Uno dei suoi obiettivi è quello di incrementare le quote rosa all’interno del Corpo e dei Quadri: cosa ci può dire a tal proposito?
«Sin da subito ho espresso la volontà di accrescere la presenza femminile nel Corpo a tutti i livelli. Si tratta di una presenza importante e da valorizzare come dimostrato anche dalle ultime campagne di reclutamento e dal fatto che la quota di donne che hanno frequentato la scuola è in aumento. Spero che nei prossimi anni si possa far crescere anche la percentuale di quadri femminili in quanto possediamo un potenziale da non sottovalutare».

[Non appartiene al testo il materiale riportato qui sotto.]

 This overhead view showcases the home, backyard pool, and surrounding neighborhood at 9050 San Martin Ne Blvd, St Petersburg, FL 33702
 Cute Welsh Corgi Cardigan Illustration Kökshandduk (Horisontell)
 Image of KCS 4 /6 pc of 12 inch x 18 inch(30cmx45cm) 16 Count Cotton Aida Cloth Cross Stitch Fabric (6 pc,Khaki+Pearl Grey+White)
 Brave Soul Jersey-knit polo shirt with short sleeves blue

Dopo la demolizione dell’ex Macello, la realtà dell’autogestione è tornata di stretta attualità: il Comandante come si pone davanti alla tematica di chi chiede a gran voce spazi e infrastrutture dove potersi muovere in autonomia, e dove il compito di controllo e sicurezza delle Polizie diventa più arduo?
«Sulla questione dell’autogestione e degli spazi a disposizione, in termini generali, non posso che ribadire l’importanza di trovare una finestra di dialogo. Occorre sedersi a un tavolo e guardarsi negli occhi, così da individuare delle possibili soluzioni concordate e nel rispetto di chiare regole che dovranno poi essere rispettate».

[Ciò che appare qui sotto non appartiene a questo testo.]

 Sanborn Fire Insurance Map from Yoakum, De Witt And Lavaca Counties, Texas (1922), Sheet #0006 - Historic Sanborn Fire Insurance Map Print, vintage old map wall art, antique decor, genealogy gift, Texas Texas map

Recentemente in Ticino è stato creato un nuovo Reparto giudiziario con l’intento finale di costituire un unico centro di competenza informatico e di intelligence: qual è lo scopo di questo progetto?
«Nel nuovo Reparto giudiziario 4 confluiranno i servizi già attivi nella raccolta, nell’elaborazione, nell’analisi e nella divulgazione di informazioni distribuiti in diverse Aree della Polizia cantonale. L’intero processo mira a garantire una migliore visione d’insieme e un migliore coordinamento di queste attività a beneficio dell’operatività del Corpo e della sicurezza della collettività».

Veniamo alla pandemia: la sensazione diffusa è che lei inizialmente era molto esposto mediaticamente, mentre nella seconda fase è rimasto più dietro le quinte. Ci spiega il motivo?
«Il mio ruolo durante la fase acuta tra marzo e giugno 2020 era quello di Capo dello Stato Maggiore Cantonale di Condotta. Il contesto, con la fine dello stato di necessità, è andato modificandosi. Fatta questa precisazione, va detto che ogni momento di una crisi, a seconda della situazione, ha le sue particolarità e necessità a livello di conduzione, di presenza (anche mediatica) o di puro lavoro di analisi e di pianificazione ».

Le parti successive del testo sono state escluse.